Friday, January 06, 2012

Loose Feathers #324

Snow Geese at Bosque del Apache NWR / Photo by Lee Karney (USFWS)
News about birds and birding
  • Tom Reed set a new big year record of 362 species for New Jersey in 2011. The old record of 337 was broken by five birders in 2011, and a few other birders came close to matching the record.
  • The Whooping Cranes led by Operation Migration have been grounded due to a legal dispute over the operation of the ultralight aircraft. 
  • The kittiwake population has fallen by 40% since 2000 in the U.K. All seabird colonies in that country have suffered losses over the same time span.
  • Hitchcock's famous film, The Birds, was partially inspired by an incident in 1961 when thousands of seabirds in the San Francisco became disoriented and died. The incident is now believed to have been the result of an algae bloom that produced domoic acid; when seabirds ate marine animals that had consumed the acid, they too became poisoned by it.

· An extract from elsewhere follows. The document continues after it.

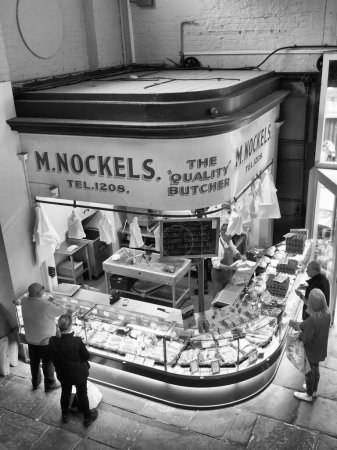 Photo for Scarborough, North Yorkshire, United Kingdom - 10 September 2022: M. Nockels traditional butchers shop in scarborough indoor market with a butcher selling meat to customers - Royalty Free Image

  • Programs to protect Snow Geese have worked so well that some conservationists worry that the population is too large and has started negatively affecting smaller species like Greater White-fronted Geese. What, if anything, to do about it remains in question.
  • A recent expedition rediscovered the Timor Bush-warbler, which had not been recorded since its original discovery in 1932.